▶ **Exercise instructions**:
Only the pictures are to be left out; set down the rest of the records exactly.

(Entries taken from a collection)

###

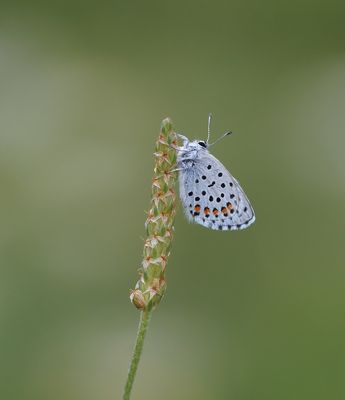 Klein Tijmblauwtje / Baton Blue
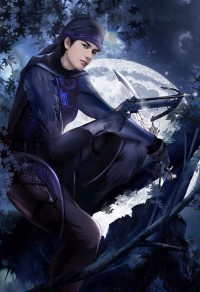 錦衣鎮山河燃文,錦衣鎮山河燃文
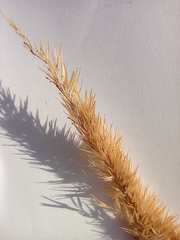 Calamagrostis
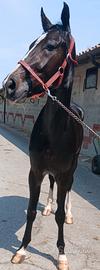 Cavallo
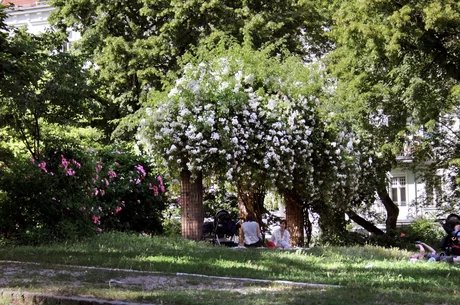 Helmholtzplatz im Sommer
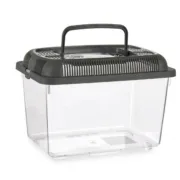 Aquário Com pega Médio Antracite Plástico 3 L 17 x 16 x 24 cm (12 Unidades) A Preço de Revenda - nacloset 2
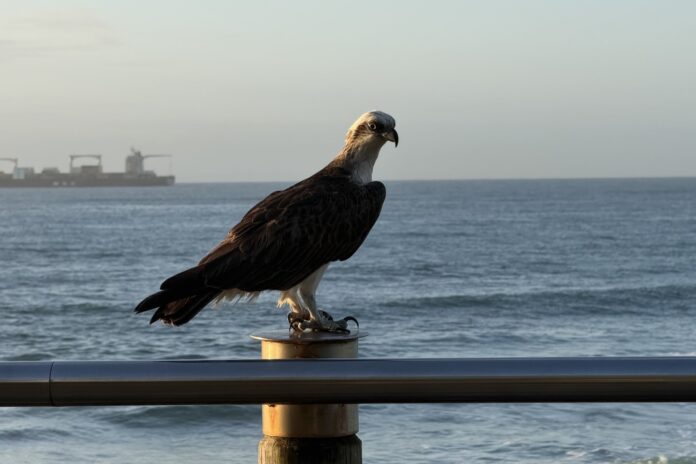 An eastern osprey overlooking the boardwalk at Caloundra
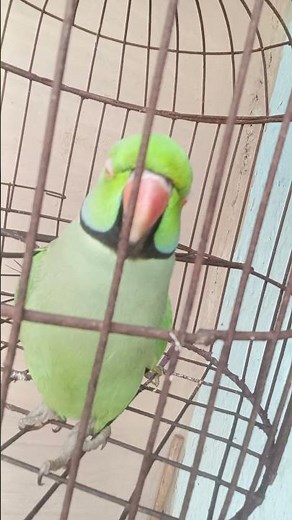 The Fascinating Lives of Talking Parrots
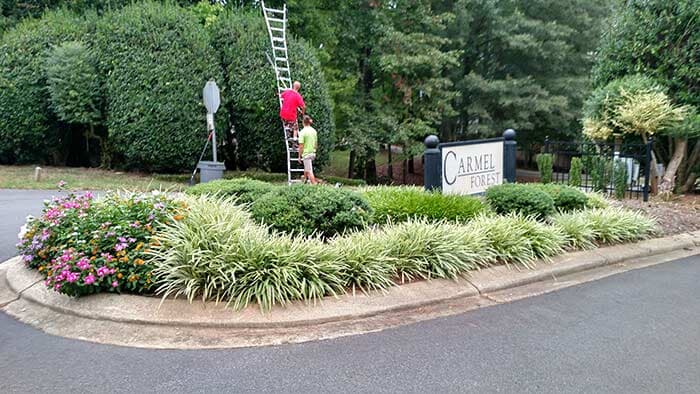 Estate Entrance Landscape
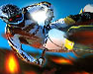 play Motorisk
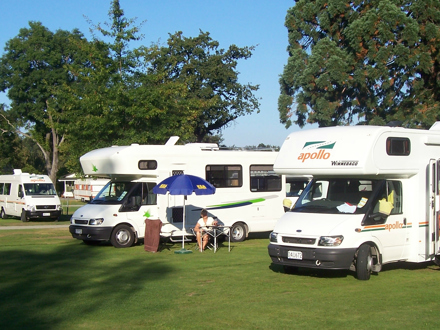 Campervans on powered sites at Geraldine TOP 10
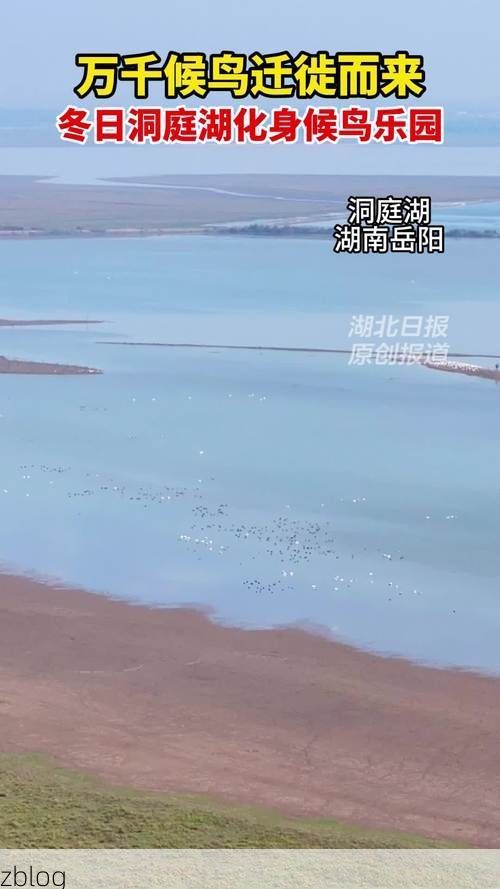 岳阳县:洞庭湖畔的防疫坚守与地理屏障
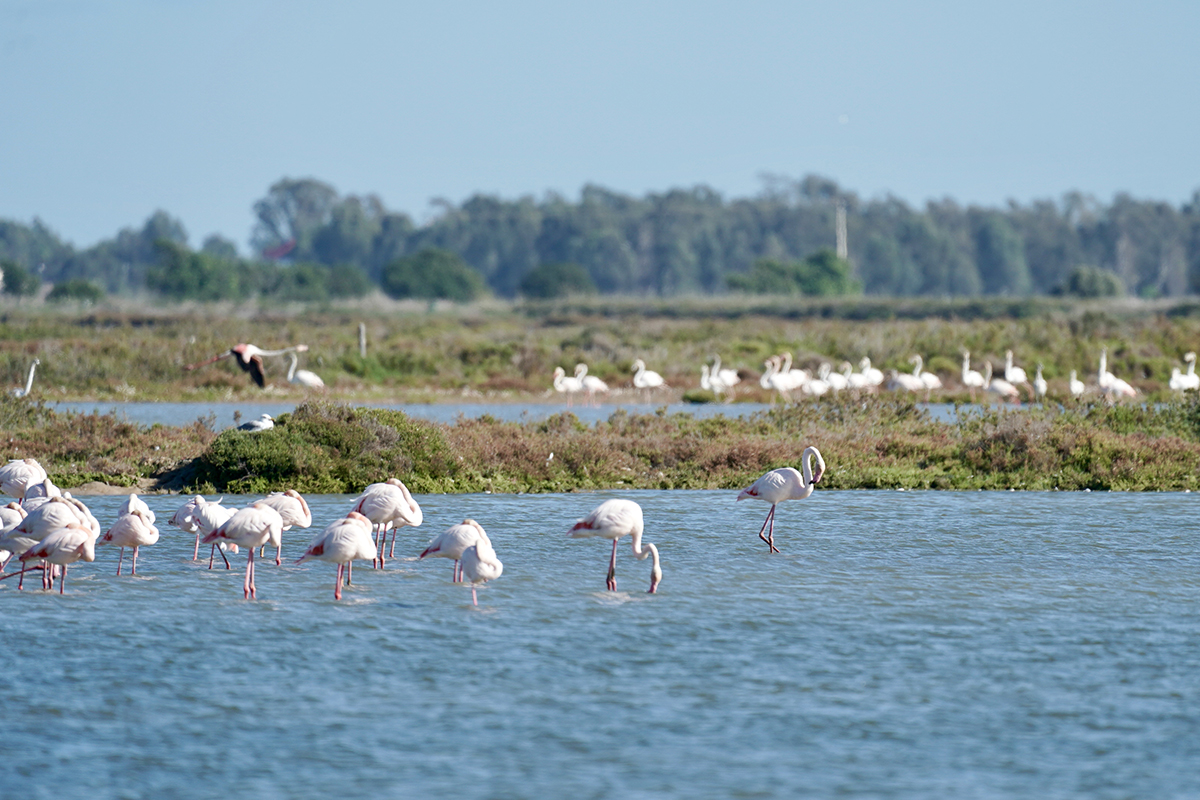 Hotel Manila Pinarella di Cervia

###

▶ **Expected answer**:
 Klein Tijmblauwtje / Baton Blue
 錦衣鎮山河燃文,錦衣鎮山河燃文
 Calamagrostis
 Cavallo
 Helmholtzplatz im Sommer
 Aquário Com pega Médio Antracite Plástico 3 L 17 x 16 x 24 cm (12 Unidades) A Preço de Revenda - nacloset 2
 An eastern osprey overlooking the boardwalk at Caloundra
 The Fascinating Lives of Talking Parrots
 Estate Entrance Landscape
 play Motorisk
 Campervans on powered sites at Geraldine TOP 10
 岳阳县:洞庭湖畔的防疫坚守与地理屏障
 Hotel Manila Pinarella di Cervia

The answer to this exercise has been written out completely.